Repartition kiilled because OOM?

How severe does this issue affect your experience of using Ray?

  • Low: It annoys or frustrates me for a moment.

I have a 100GB parquet dataset in google cloud storage. Currently, there are 500 partitions, and I’m trying to change it to 2000 partitions. I attempted to run the code below on a cluster of 5 nodes, each of which has 600GB of RAM.

import gcsfs
import ray.data as rd

gs_project = "my-project"
pq_paths = ["gs://path-1.parquet", ..., "gs://path-500.parquet"]
fs = gcsfs.GCSFileSystem(project=gs_project)
output_dir = "gs://output.parquet"
num_partitions = 2000
(
    rd.read_parquet(pq_paths, filesystem=fs, ray_remote_args={"max_retries": 10}).
    repartition(num_blocks=num_partitions, shuffle=False).
    write_parquet(output_dir, filesystem=fs)
)

When this runs, memory spikes sharply to ~100% on 2 of my nodes, then I just see “killed” in bash. I’m using ray 1.11.0. If it helps, this snippet worked with ray 1.8.0: Memory would spike, but plasma would fill up, and data would spill to disk.

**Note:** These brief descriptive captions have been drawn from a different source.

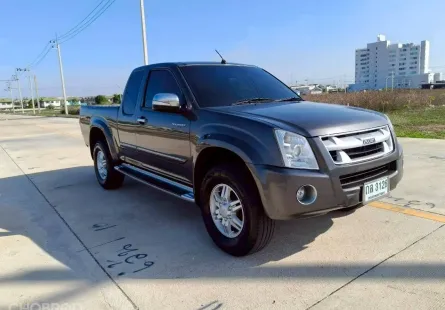 2010 Isuzu D-Max 2.5 Hi-Lander รถกระบะ 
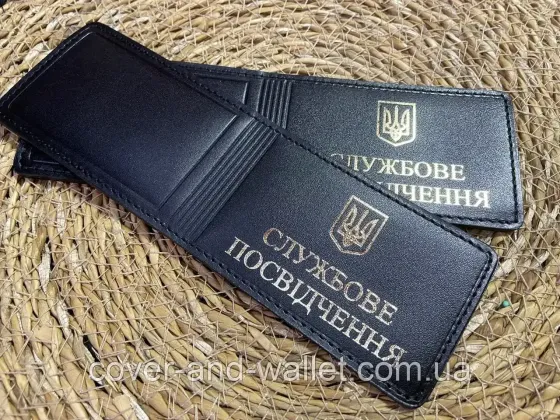 Універсальна обкладинка на службове посвідчення з натуральної шкіри на три відділення Київ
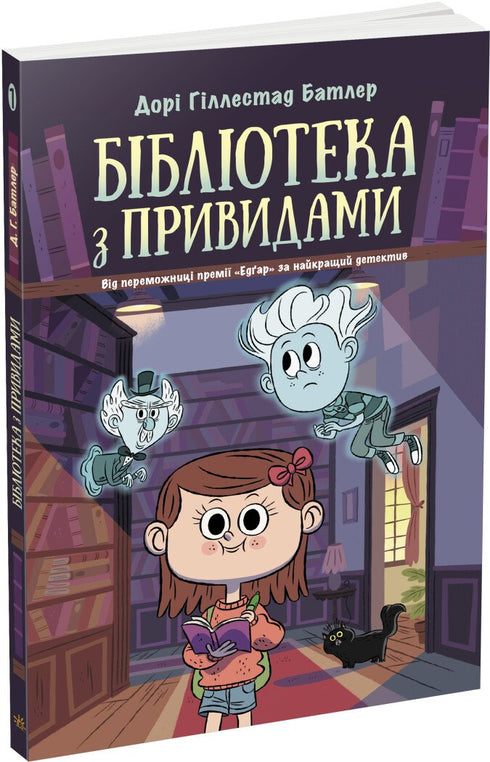 Book Set: Library with Ghosts (Set of 4 Books)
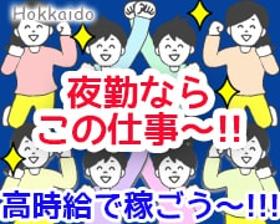 軽作業(パン、ケーキ等の仕分け、週4～5、19～28時)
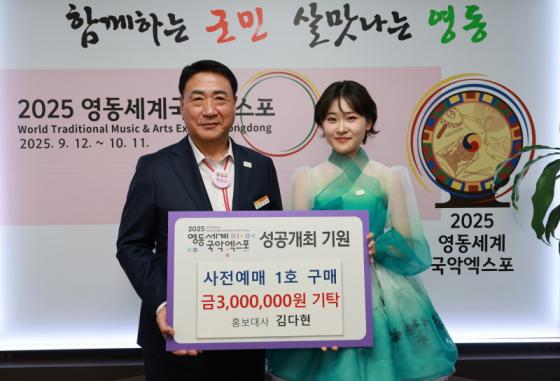 국악트롯요정 김다현, 영동세계국악엑스포 사전예매 1호 구매 약... 이미지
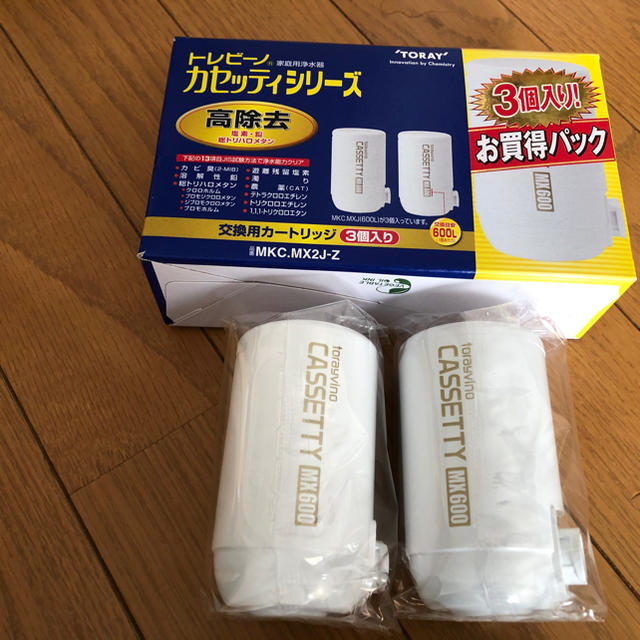 トレビーノカートリッジ2個 インテリア/住まい/日用品のキッチン/食器(浄水機)の商品写真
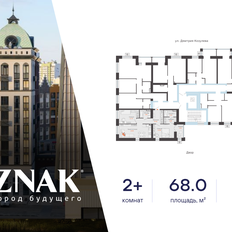Квартира 68 м², 2-комнатная - изображение 2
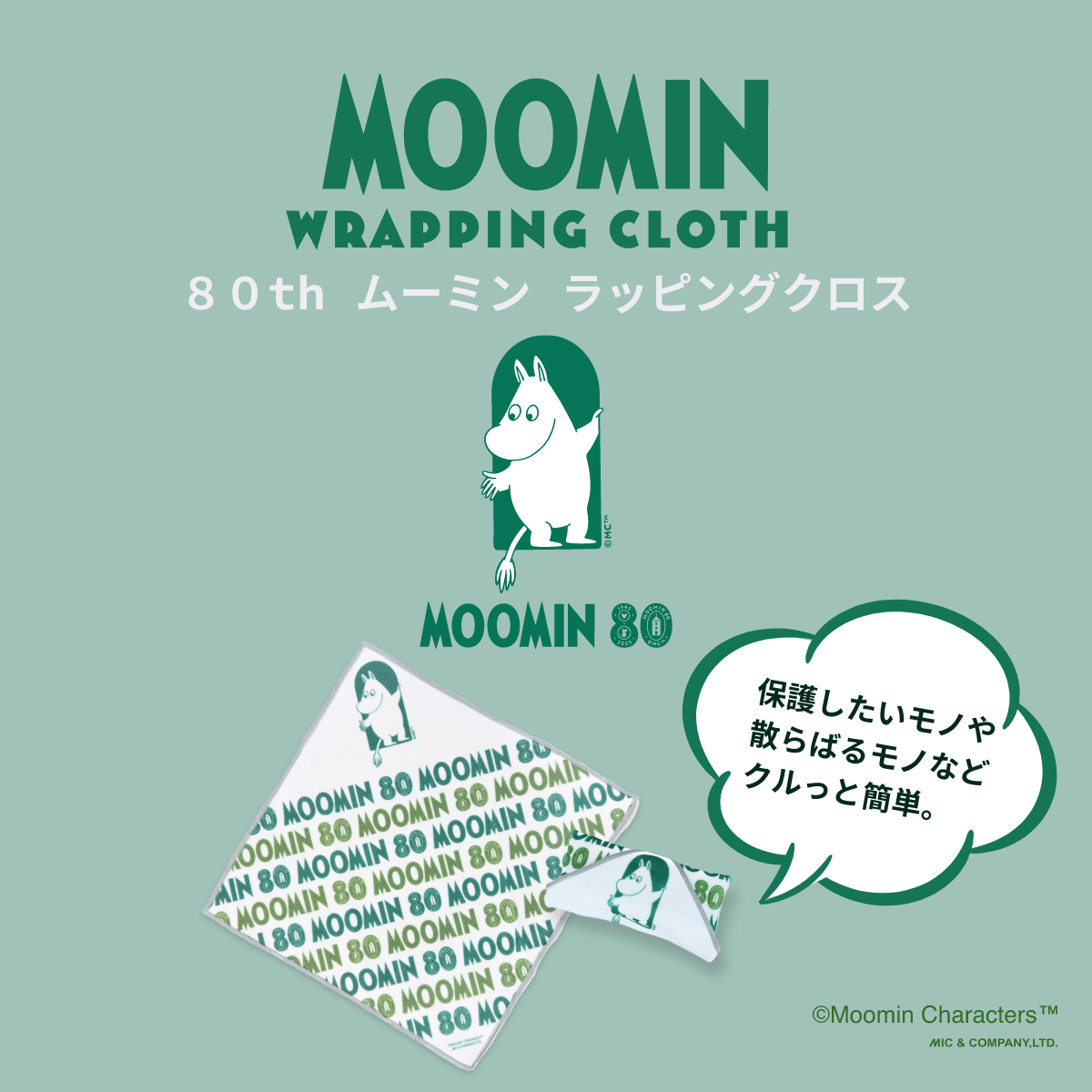 MOOMIN メガネ ケース ムーミン ダークブラウン レザー調 フェイクレザー スナップボタン 眼鏡ケース 老眼鏡ケース サングラスケース ギフト トラベル 旅行 北欧 (コピー)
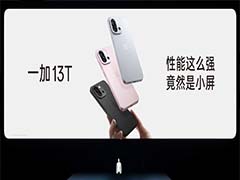 骁龙8至尊版+6260mAh电池! 小屏大魔王一加13T发布会汇总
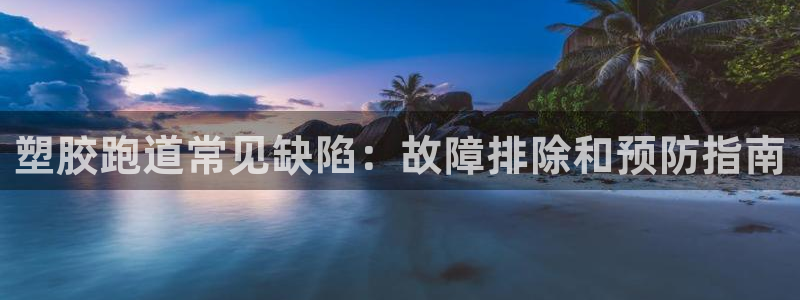 红足1一世红：塑胶跑道常见缺陷：故障排除和预防指南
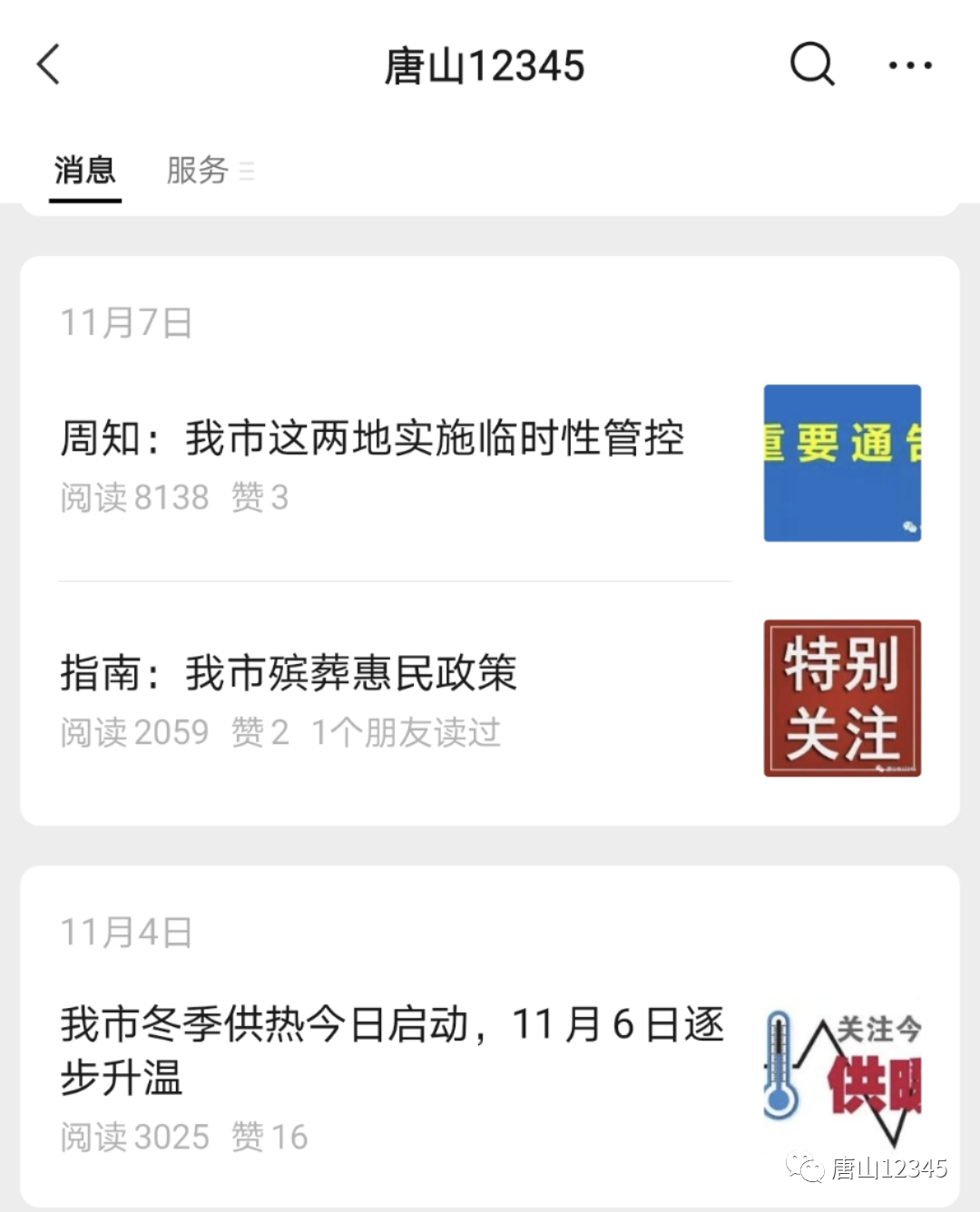 唐山12345拨打前需要准备哪些材料信息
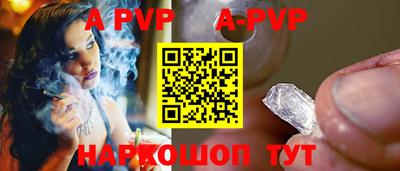 MDMA Premium VHQ Кунгур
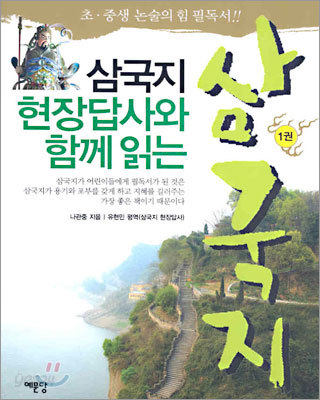 초&#183;중생 삼국지 1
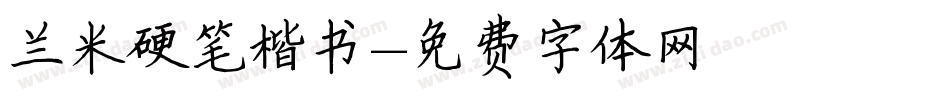 兰米硬笔楷书字体转换
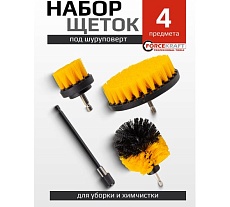 Набор сменных щеток для уборки/химчистки под шуруповерт Forcekraft 4 предмета: кругл.90х75мм;плоск.50х25мм,100х25мм;удлинитель 150мм FK-CBK-01(60400)
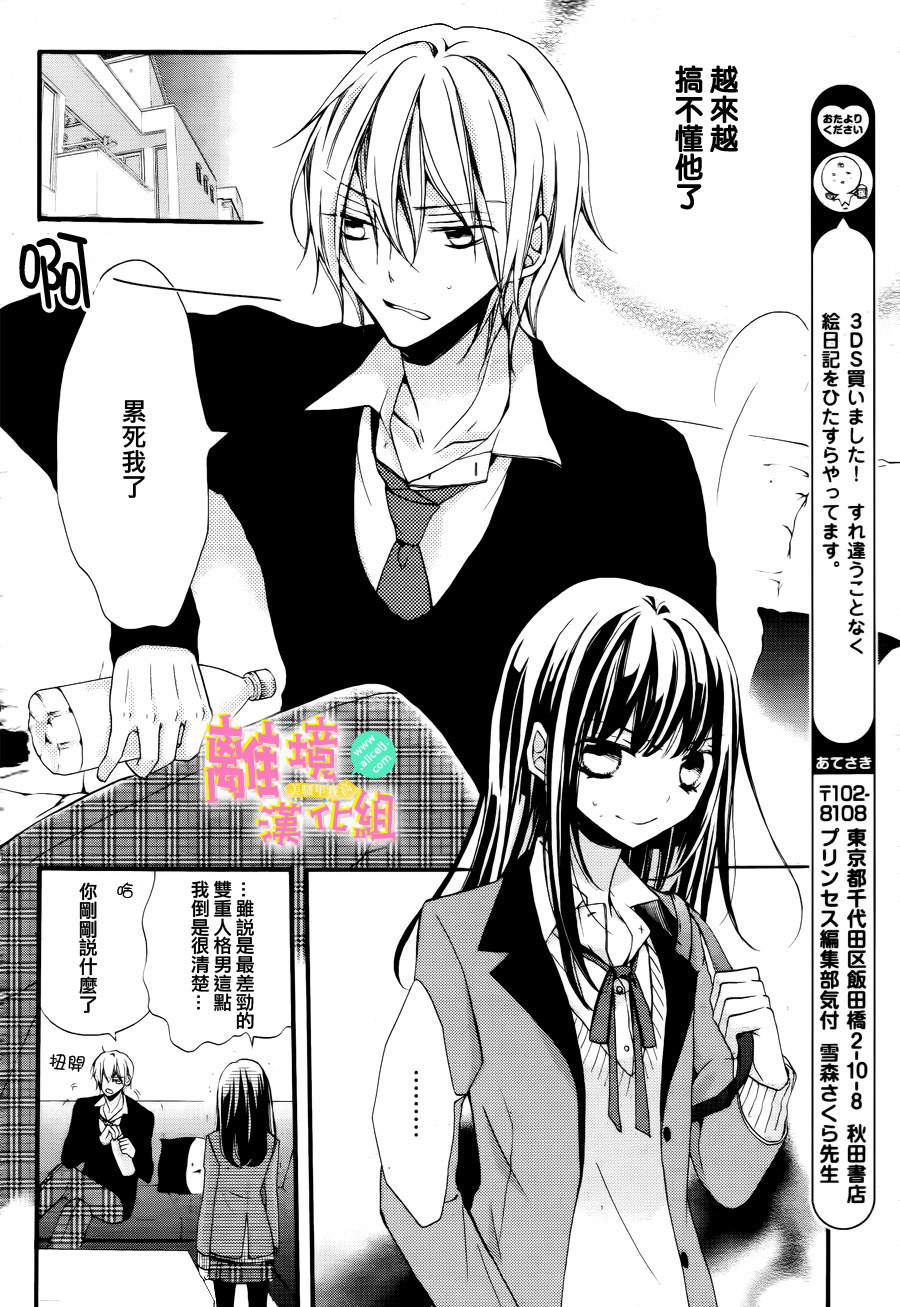 拐弯抹角说爱你韩漫全集-第04话无删减无遮挡章节图片 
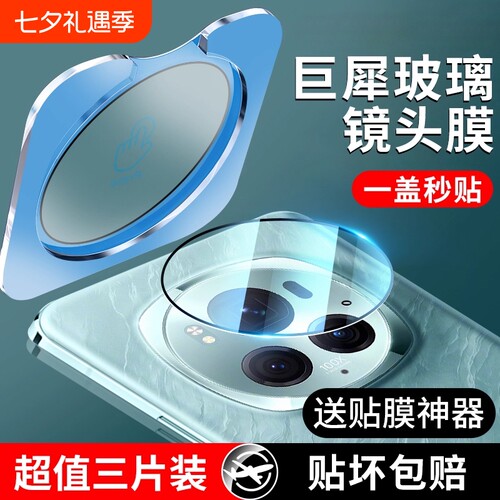 嘟嘟狐适用Magic系列防爆镜头膜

Is there anything I can do to fix it?

Hi @hahdawg, thanks for posting!

That suggests that data/tasks are not getting properly load balanced across the cluster, which should happen automatically. A few clarifying questions and suggestions:

  1. What’s the memory utilization of the other 3 nodes when that spike happens?
  2. How large is the in-memory representation of the data?
  3. You’re saying that this exact same snippet worked on Ray 1.8, correct?
  4. Could you try the recent Ray 1.12 release and see if it still OOMs?